Ever since that first run, I have devoted my running to trails. I know the trails at MdO like the back of my hand now. I know which trail to run that will fit the mood I am in that day.  I have, of course, sampled the many trails in the central coast area, but this particular park always gives me what I need. Foggy, sunny, rainy, hot or cool, I always get something out of running these trails.  I trained for my first 25K there. I ran my first 25K there. I trained for my first marathon there. And I ran my first marathon with no problems. But aside from the training I received, I also hold this place dear to my heart for another reason. This was where my trail running began. This is where I, as a trail runner, was born (Yeah that does sound cheesy! But it's true).  I have endured so many challenges on these trails.
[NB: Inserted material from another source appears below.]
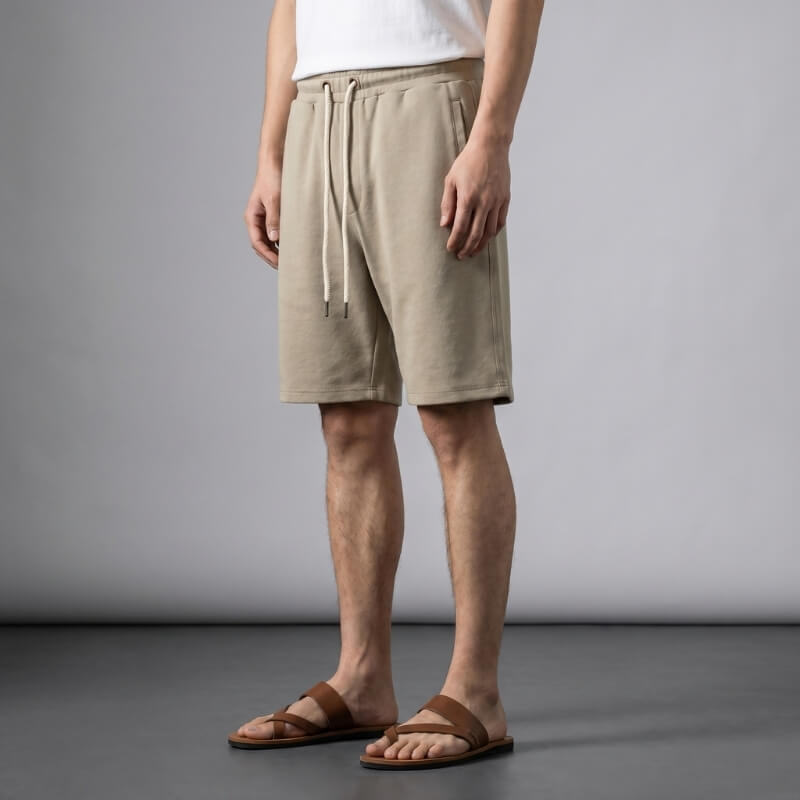 Roderick Knit Blend Shorts – Drawstring Waist Relaxed Fit Breathable Casual Summer Trousers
I learned to run up hills. I learned to run down hill. I learned what shoes work best for me. I learned how to nurse injuries. I learned what hydration packs work for me. I learned what nutrition I need to not bonk out! I learned what a rattlesnake sounds like in real life (AKK!). I learned that even though I love running trails I am still so terrified of wildlife!!! But most importantly, I learned what I as an individual am capable of doing. I never ever in my life thought I would be running marathons in mountains, let alone running at all. I learned that no matter how your run is that day, you can ALWAYS take something valuable away with you. You can apply those tough runs to real life situations. You can escape in to the mountains to get away from anything that may be bothering you and it feels like you are in an entirely different world, even though you may only be 20 miles away from your home. You can look out in to the sky, the ocean, the hills and feel like you are so far away.  Whether you are burned out from work, dealing with family problems, stressed out, or even just upset about a Facebook post that you found annoying, you can venture up in to the trails and be alone with your thoughts and escape everything for just a little while.  Once you make it up the hill there is no where else to go but down. That is when the real runner's high kicks in!


Many people say they run to think about their problems and find solutions. I can understand this. But I approach running in an entirely different way. I run to NOT think about ANYTHING. I only have to think about running. I have a tendency to over think things, and running has been my cure for that. When I am running, I think about my next challenge, my next race, my own running world.  I take in the views and escape my problems for just a few hours. Let's face it, problems are always going to be there, and we do have to deal with them eventually. But I am not spending my time running thinking about my problems. I am spending that time thinking about what is good in my life. What is good in the world.  Running makes me feel good. It gives me confidence. It helps me believe that I am capable of handling difficult situations. It reminds me that there ARE positive things in this world.  It produces a spiritual feeling. It produces a state of zen. It reminds you that no matter how bad you are feeling, you can always go out for a run in your favorite spot and receive the best therapy you could get. And at the end of a long run, you feel like a total badass for just a brief moment.  And, for me, that moment feels good.  

All runners have their reasons for running. Some run for speed.  Some run to win. Some run for health. Some run to lose weight. Some run for fame. Some run to escape.  Some run because they have to!  Me??  I run because it's cheaper than therapy!  I encourage all runners to find their own "therapy" in running.  But most importantly, it doesn't matter WHY you run.  JUST GO RUN!